Protokoll der Sitzung vom 14.03.2019

(Zurufe von Horst Förster, AfD, und Torsten Koplin, DIE LINKE)

Meine Damen und Herren, wir haben jetzt schon ein starkes Konkurrenzdenken zwischen niedergelassenen

Gynäkologinnen und Gynäkologen und Hebammen. Da gibt es nämlich Überlappungsfelder, wo wir hinterher in Abrechnungsprobleme kommen, weil die Hebammen ja auch völlig selbst abrechnen mit den Krankenkassen, zum Teil wird das von den Gynäkologen doppelt abgerechnet. Das sind Probleme, die in der Fläche auftauchen, darüber redet im Augenblick keiner. Da geht es aber tatsächlich um den Verdienst und dass wir überhaupt noch Hebammen in der Fläche haben.

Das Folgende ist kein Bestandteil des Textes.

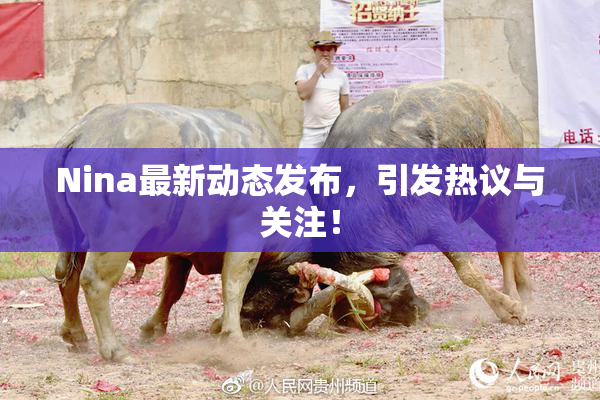 Nina最新动态发布，引发热议与关注！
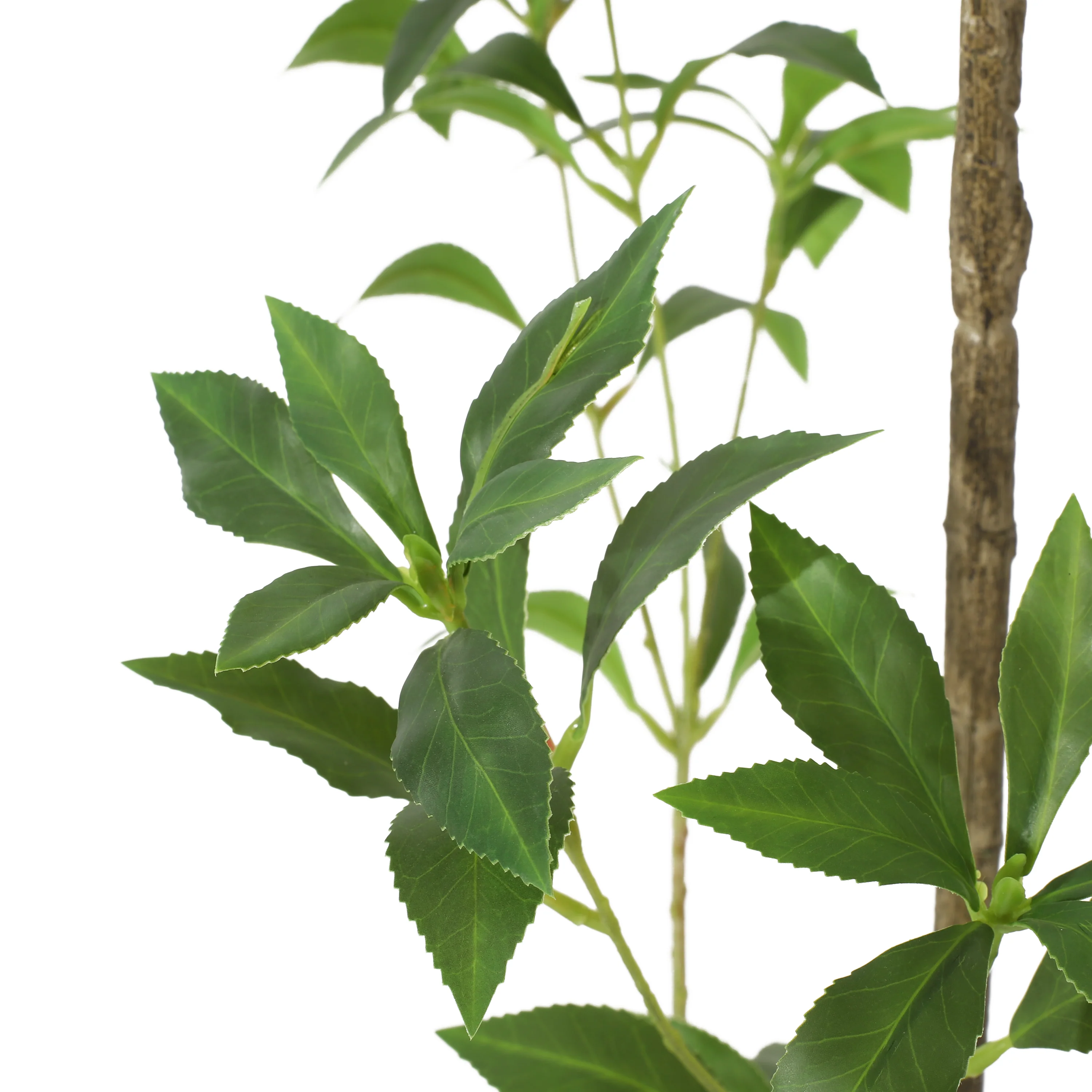 Purling Artificial Pieris Tree - furnishings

Ich finde schon, wenn man sich dem Thema noch mal nähern will, dann hätte man durchaus andere Dinge und Themen, die man da besprechen könnte. Aber eins weiß ich jedenfalls auch, und da gebe ich Ihnen recht, Frau Weißig: Das Thema wird nicht dadurch besser, dass man einfach wegguckt, tote Maus spielt und sagt, das Thema geht uns nichts an und der Bund wird das schon irgendwann für uns regeln. Im Augenblick sieht das eher so aus, dass sich der Bund einen schlanken Fuß macht und wartet, was die Bundesländer tun. Und da, können Sie mir glauben, werde ich einen meiner nächsten Gesprächstermine mit Jens Spahn nutzen und ihn darauf ansprechen, wie das jetzt weitergehen soll. Das mache ich schon aus persönlichem Interesse, weil ich keinen Ärger mit meiner großen Schwester haben will und mit meiner Frau auch nicht.

Das ist doch der Punkt, dass wir uns viel mehr trauen müssen. Was spricht eigentlich dagegen, auch wenn man von der CDU kommt und Herr Spahn von der CDU kommt, zu sagen, das, was da passiert, ist nicht richtig? Jedenfalls wird uns das nicht weiterhelfen. Wissen Sie, da stelle ich mich ganz locker hin und gestehe das hier auch zu.

Aber noch mal zurück in unser Bundesland, wir werden uns die Frage beantworten müssen: Machen wir das mit, was in Brüssel vorgeschlagen wurde, oder machen wir das nicht mit? Haben wir den Mut zu sagen, nein, wir können wie in den letzten 30 Jahren eine qualitativ hochwertige Hebammenausbildung in unserem Land anbieten, die auch einen dualen Ausbildungsstatus hat?

Meine Damen und Herren, ich jedenfalls wäre persönlich dazu bereit, dieses Risiko einzugehen, weil ich nicht glaube, dass wir auch nur eine einzige Hebamme in Deutschland und in Mecklenburg-Vorpommern mehr haben, wenn wir die Ausbildung einfach nur akademisieren. – Vielen Dank.

(Beifall vonseiten der Fraktion der CDU – Zuruf von Dr. Ralph Weber, AfD)

Weitere Wortmeldungen liegen mir nicht vor. Ich schließe die Aussprache.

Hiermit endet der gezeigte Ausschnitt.